▸ **ACTIVITY**
Please copy exactly the part of the records below that opens with the line containing "Handmade Pink Brown" and closes with the line containing "2/6 Pack Solar Pathway Garden Lights", leaving out any pictures.

▸ **EXCERPTED RECORDS**
━━━
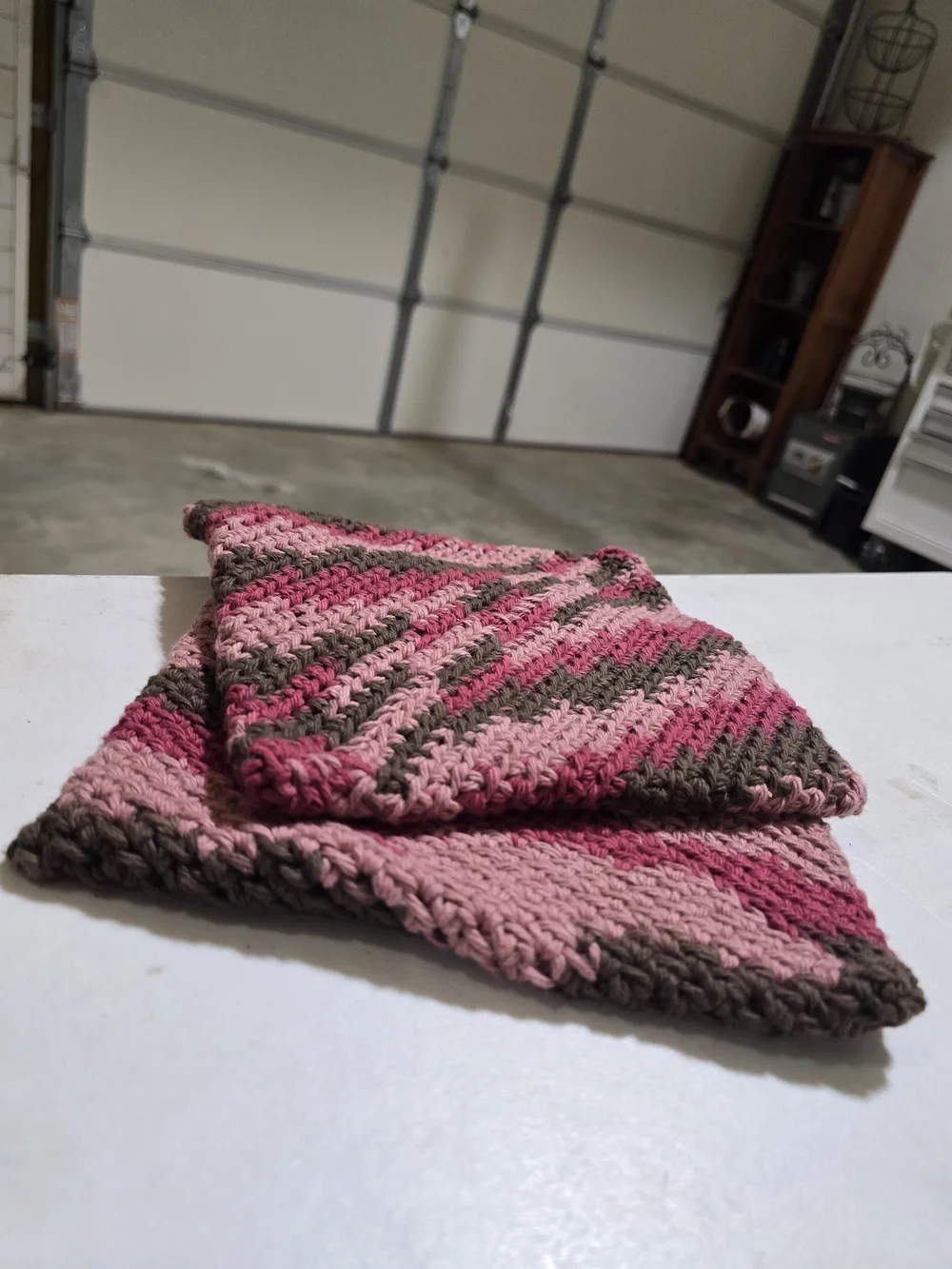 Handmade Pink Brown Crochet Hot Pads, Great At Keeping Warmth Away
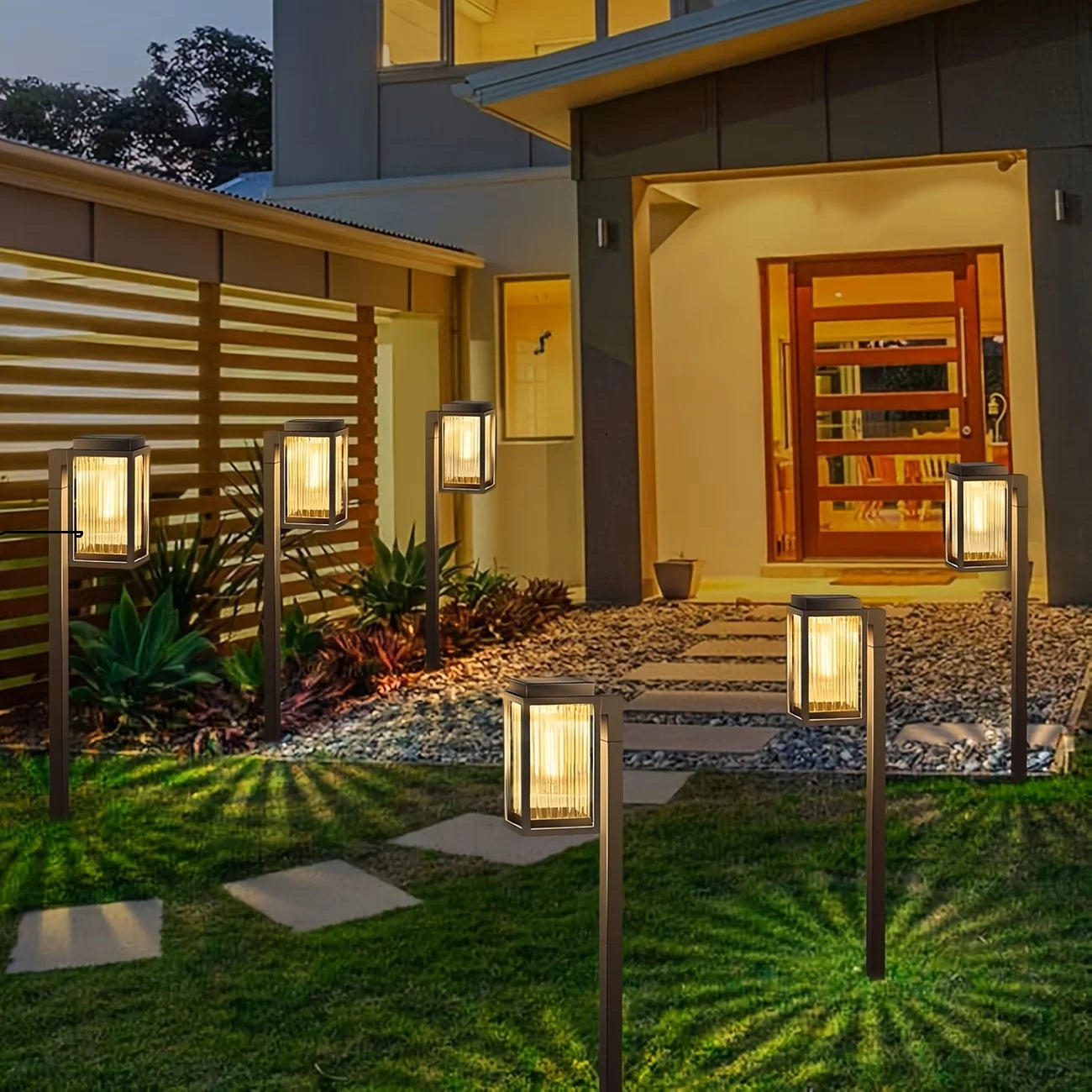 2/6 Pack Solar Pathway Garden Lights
━━━
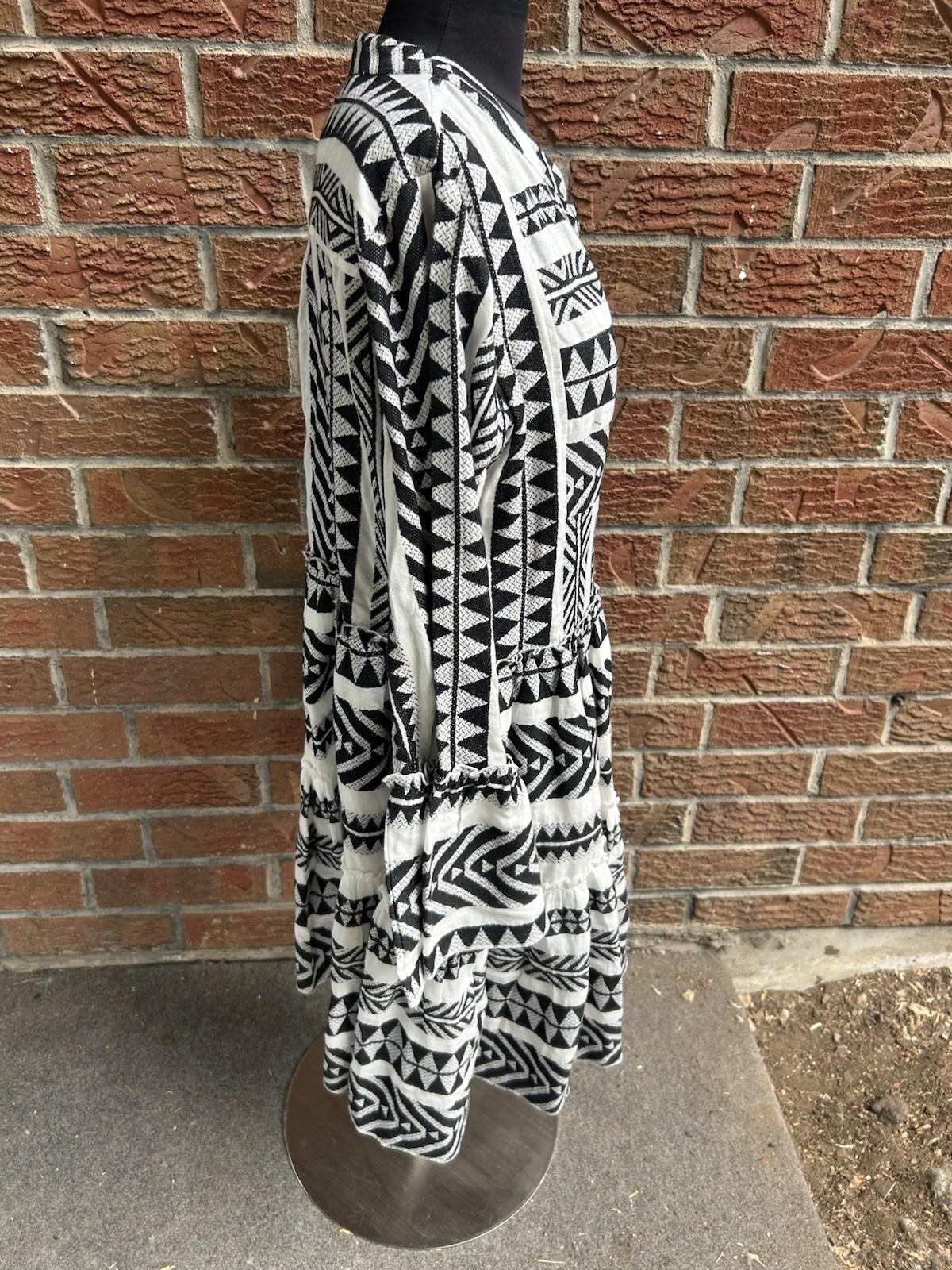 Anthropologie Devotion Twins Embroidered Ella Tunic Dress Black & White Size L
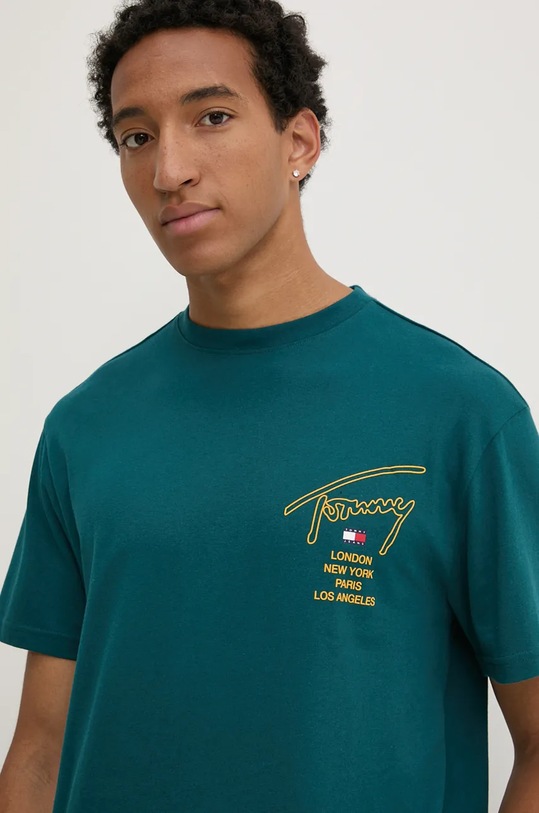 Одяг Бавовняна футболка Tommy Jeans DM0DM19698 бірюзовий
━━━
▸ **ANSWER**
 Handmade Pink Brown Crochet Hot Pads, Great At Keeping Warmth Away
 2/6 Pack Solar Pathway Garden Lights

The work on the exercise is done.